Content starts

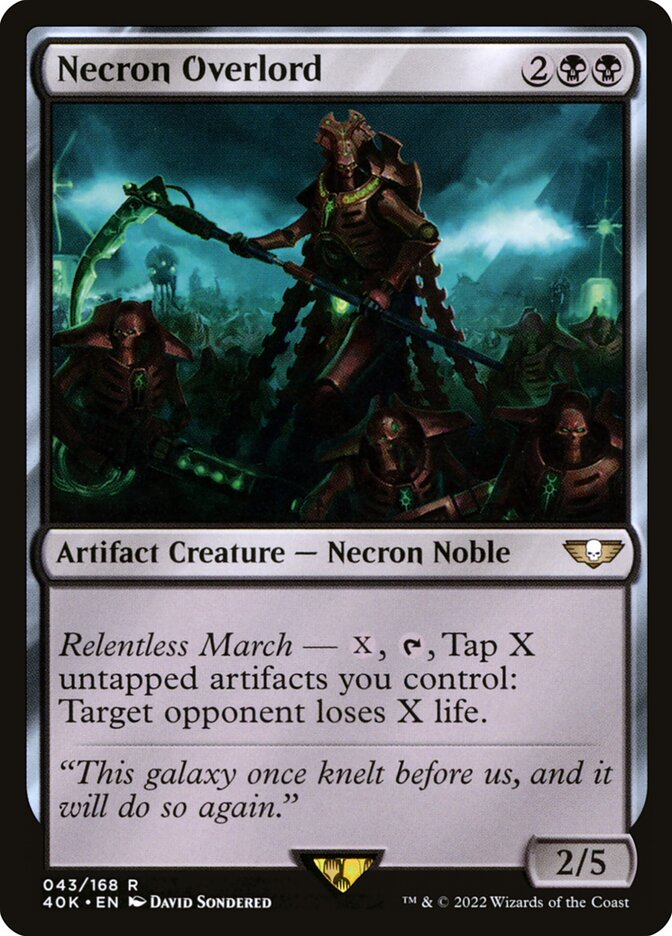 Necron Overlord 40K-43 Warhammer 40,000 Commander Magic card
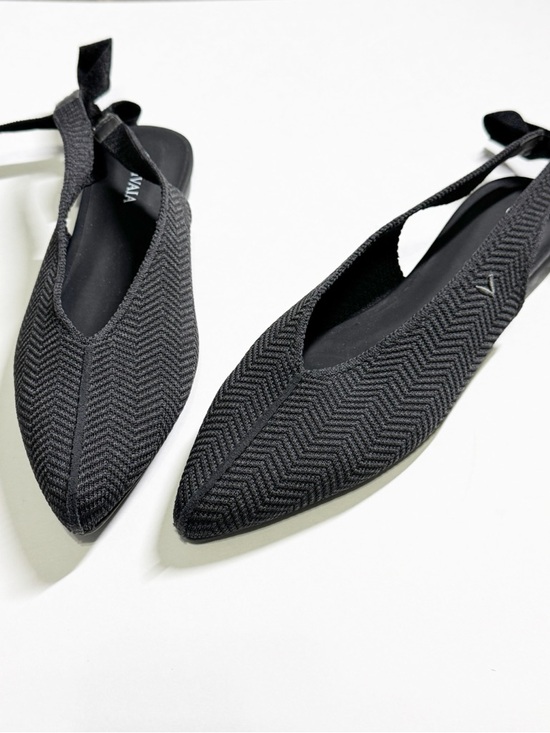 Vivaia Shoes - Vivaia Charcoal Gray Women's Pointed Toe Slingback Flats with Bows EU38/US 7.5,8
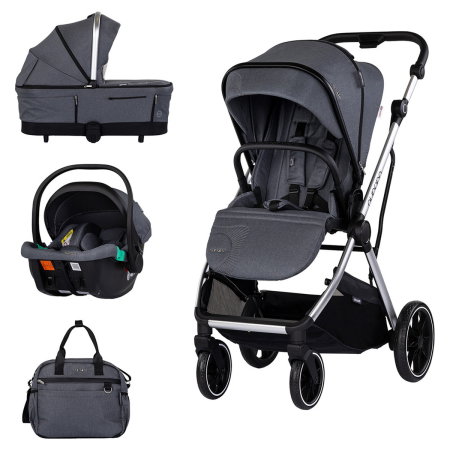 Carucioare 3 in 1 - Carucior Chipolino Aurora 3 in 1, pana la 22 kg, scoica auto i-size, cadru usor, pliere usoara, husa picioare, sezut reversibil, gentuta inclusa, Charcoal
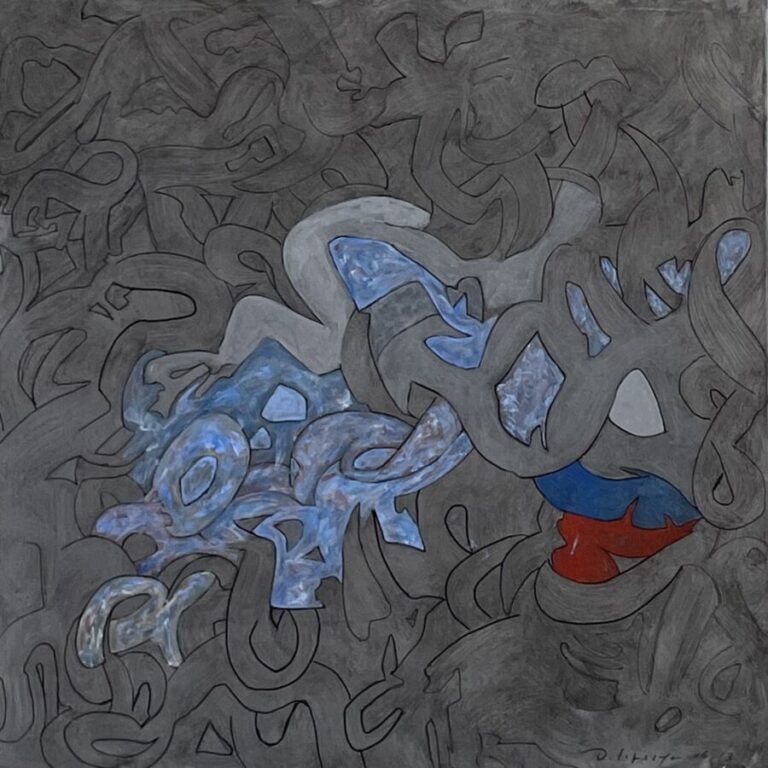Composition forme géométrique bleue, grise sur, fond gris - Acrylique et techni…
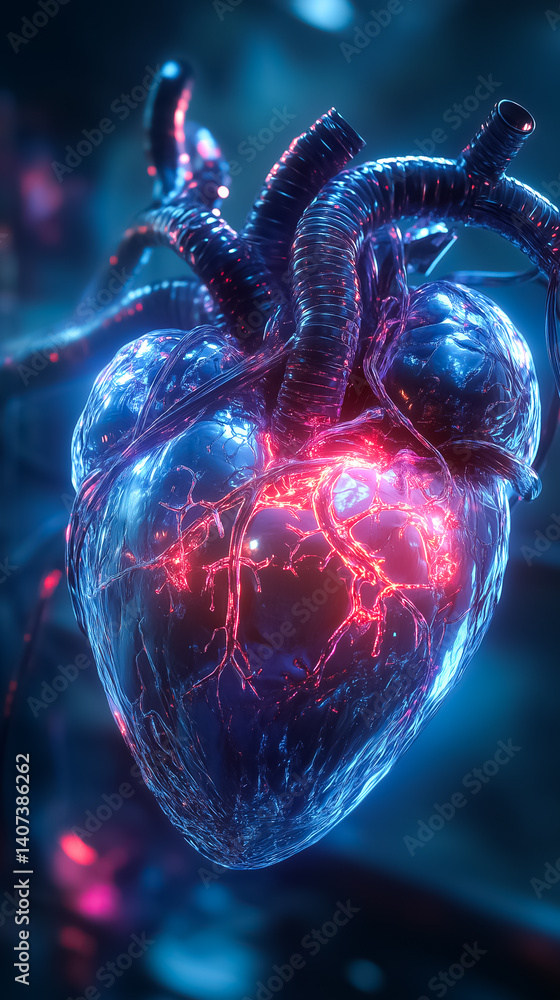 Poster 3d rendered heart with illuminated veins pulsating in dark surreal environment. vivid lighting highl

Content ends

> Task description: Without the pictures, reproduce each line from the one containing "Composition forme géométrique" through the last line of the material above, both of those lines included.

> Your response:
Composition forme géométrique bleue, grise sur, fond gris - Acrylique et techni…
 Poster 3d rendered heart with illuminated veins pulsating in dark surreal environment. vivid lighting highl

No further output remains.